By Lynne Moffat, Unison activist
I am still angry about the discussion we had at Unison conference and the outcome. I am also still upset and disappointed .
We discussed an uncontroversial motion about organising women in the labour movement, actively supporting young women, buddying systems and many other ways. We also discussed an amendment which should have been uncontroversial, sadly it wasn’t.
This is the text of the amendment:
We believe that our trade union has the potential to transform society for the better. Therefore we have a particular responsibility to confront and challenge male violence against women within our movement.
Male violence against women is not acceptable in any case. It must not be tolerated from those who hold office or power in our movement. We recognise the enormous challenges faced by women victims of male violence, and the pressures which women face, including from abusive men, not to complain about violence and abuse.
We therefore believe that, when women complain of male violence within our movement, our trade union should start from a position of believing women. We believe that all women who complain of male violence have the right to be listened to and supported.
Review existing practice and subsequently issue guidance to all Unison bodies about how to respond to male violence against women in our movement.
Prior to the discussion about the amendment, our main concern was the SWP. The NEC were supporting it. The SWP’s official line was ‘support with qualifications’ yes I thought the whole ‘support with qualifications’ thing was beurocratic bullshit too, the SWP agreed with this until it didn’t suit them anymore. They had even argued on the NEC that this should be their position.
So what were the ‘qualifications’? Apparently the idea of ‘believing’ women when they make disclosures of domestic violence, harassment or sexual violence is controversial. The argument is that this interferes with due process and changes the presumption of innocence.
I find the lack of understanding of the barriers women face when coming forward shocking. A lack of acknowledgement that whenever women come forward they have their previous relationships, sexual history, drinking habits & mental health brought into question. They doubt themselves and don’t expect to be believed. When a union member comes to you saying they’re being bullied or harassed (male or female) do you say “I’m afraid I need to look at the evidence before I decide”, or do you listen, be supportive and plan how to support them. All different when it comes to male violence against women, apparently…..
The first speeches against the motion were all about the fact it focuses solely on male violence against women. There are so many problems with this I almost don’t know where to start.
Women are the main victims of domestic violence -fact.
Two women die a week as a result of domestic violence-fact.
We live in a society where women’s oppression and sexism is a daily part of life. Capitalism needs us to be kept in our place.
Nothing in this amendment suggests other types of violence will be ignored or discounted (those victims might like to be believed too). In fact quite the opposite reassurance was given that they would be included.
The majority of speakers in favour of the amendment (notably SWP & SP) made so many qualifications that at times I got confused at one point saying “speaker against” to another member of my delegation only to be reminded “yes the last speaker was in favour” – this speaks volumes.
This made the whole debate very confusing.
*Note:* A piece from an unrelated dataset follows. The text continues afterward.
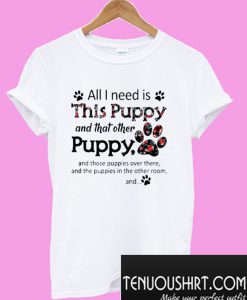 All I need is this Puppy and that other puppy and those T-Shirt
In addition to this sadly many delegations (the majority) come without a mandate and without any discussion about how to vote. Without a delegation lead or any sense that voting is anymore than their individual opinion.
The fact that this amendment was controversial and was defeated is in my opinion shocking and disgraceful. It is however useful in showing us a mirror up to ourselves in the labour movement and the left. We need to understand where we are honestly before we fight to change it.
Unison has official equality structures but what it doesn’t have is vibrant self-organisation, real democracy and a rank-and-file organisation which unites people to fight the cuts but engages with them on other issues including the struggle for women’s liberation. Let this serve as a wake up call.